Relaxed tolerance parameters are used in asymmetric calculation because only ‘T’ transformer model is available in pandapower while power-grid-model uses ‘pi’ model.
Shunt
A shunt can be in 2 states: open or closed.
Source
While source is present in all cases, this case tests two sources being used together.
Symmetrical Load
A symmetrical load can be in open or closed state. It can be of 3 types: constant power, constant impedance and constant current.
Symmetrical generator
A symmetrical generator can be in open or closed state. It can be of 3 types: constant power, constant impedance and constant current.
Note
Only constant power implementation is possible in pandapower for asymmetrical calculations. All the Z, I and P loads are already validated for symmetrical calculation.
Asymmetrical load
An asymmetrical load can be in open or closed state.
Asymmetrical generator
An asymmetrical generator can be in open or closed state.
Distribution network case
This is a minimal case representing a simple distribution grid. The grid has 2 identical parallel transformers. They power a series of overhead lines and cables which supply different loads.

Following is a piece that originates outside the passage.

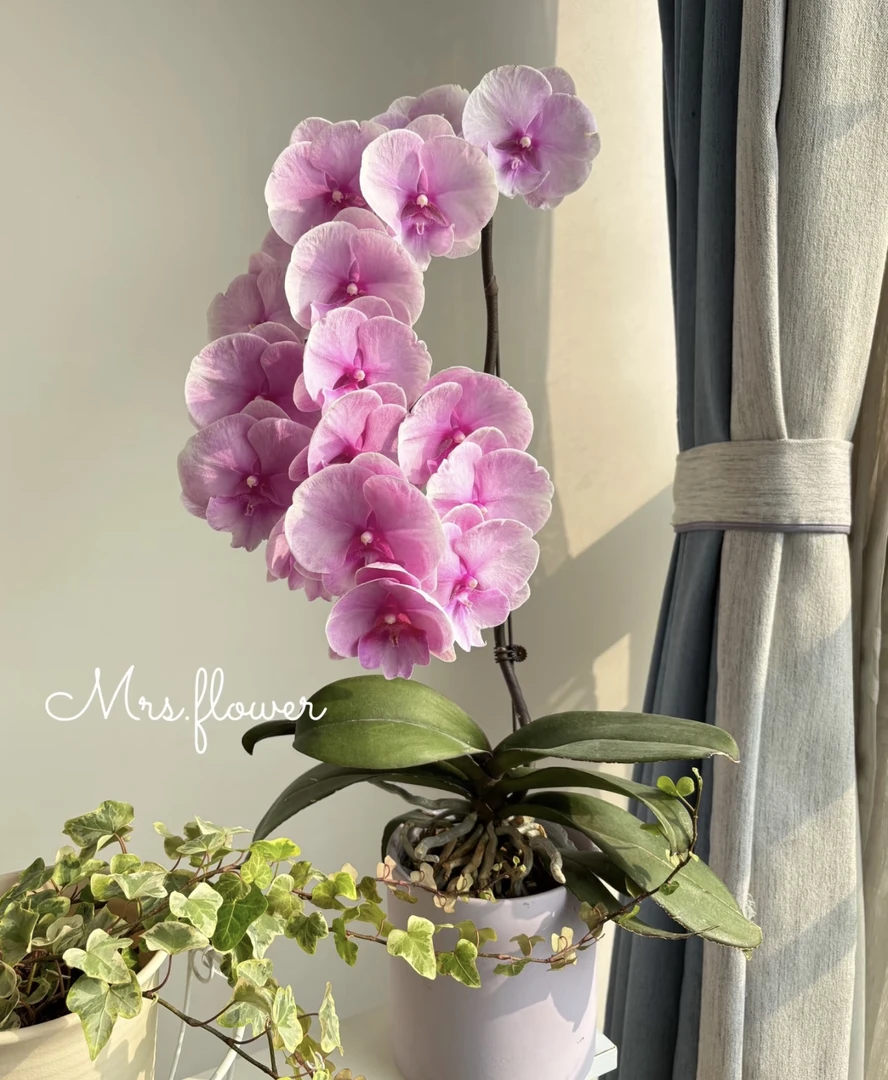 蝴蝶兰【粉迷雾】3.5杯苗无花无剑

The case is validated for ring and radial configuration by open/close position of one end of Line 13 in asymmetrical batch calculation.

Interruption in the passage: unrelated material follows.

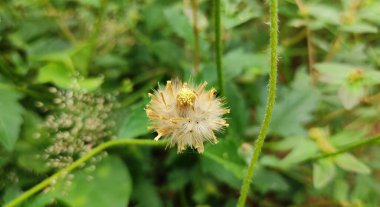 Doğal yeşil park bitkisi ve çiçekler arkaplan manzarası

The circuit diagram is as follows:
asym_load(22) sym_load(19)
| |
|------trafo(17)------|-----cable(9)-----|(3)----cable(11)---|(5)----OHL(13)---(On/off)-|
source(16)--|(1) |(2) |(7)---OHL(15)-|(8)
|------trafo(18)------|----cable(10)-----|(4)----cable(12)---|(6)----OHL(14)------------| |
| | Load(21)
asym_load(23) sym_load(20)
Transmission network case
This is a minimal case representing a simple transmission grid.
The circuit diagram is as follows (The node 6 is same in both lines):
Gen(_21)---|_1--transformer(_30)--|_3--line(_12)-----| |---line(_14)----------|
|--line(_13)---| |
Gen(_22)---|_2--transformer(_31)--|_4 |_5-------line(_15)----|_6
| shunt(_29)---|
shunt(_28)---|-load(_24)
|----line(_16)-------| |---line(_19)---|_9---transformer(_32)---|_11---source(_20)
| |---line(_18)---|
|_6-----line(_17)----|_7 |_8--transformer(_33)---|_10---gen(_23)
|---load(_25)
Vision validation
There are 2 test grid cases included for validation against vision: A minimal example and a network containing all components supported by power-grid-model-io Their vision files are included as well.
Simple example
The vision-example is a minimal case with only node, source, cable and load.
Network case
The vision files were exported to excel which was then converted to power-grid-model input using power-grid-model-io.
The vision-network case has the following characteristics:
It contains 26 nodes (plus 20 from transformer load secondary node).
The voltage level of grid input is at 110kV from which it is stepped down to 10.5kV level.
On the 10.5kV level, one minimal distribution grid containing transformer loads, wind and PV generation and one additional reactance coil.
All the remaining supported components for which conversion to power-grid-model is supported are also connected to this level. They include: line, reactance, special transformer, load, synchronous generator, shunt and zig-zag transformer.
The cases are built taking into consideration the modelling differences between vision and power-grid-model mentioned in the power-grid-model-io documentation. The node voltages and branch power flows are validated for symmetrical calculation. For asymmetrical output only the result attributes being validated are the ones which can be exported to excel. (ie. node voltages and branch currents) The absolute tolerances here are set to the least count of the vision result export: till ie. till V and kW level.
Other library validation
There is one example of a simple Gaia network with nodes, lines, source and loads being validated. A similar example is also recreated for validation with the R state estimation package.
Test case creation
Contribution to power-grid-model is also possible by creating own test cases in similar format. A guide for exporting the input or output data is given in Make Test Dataset.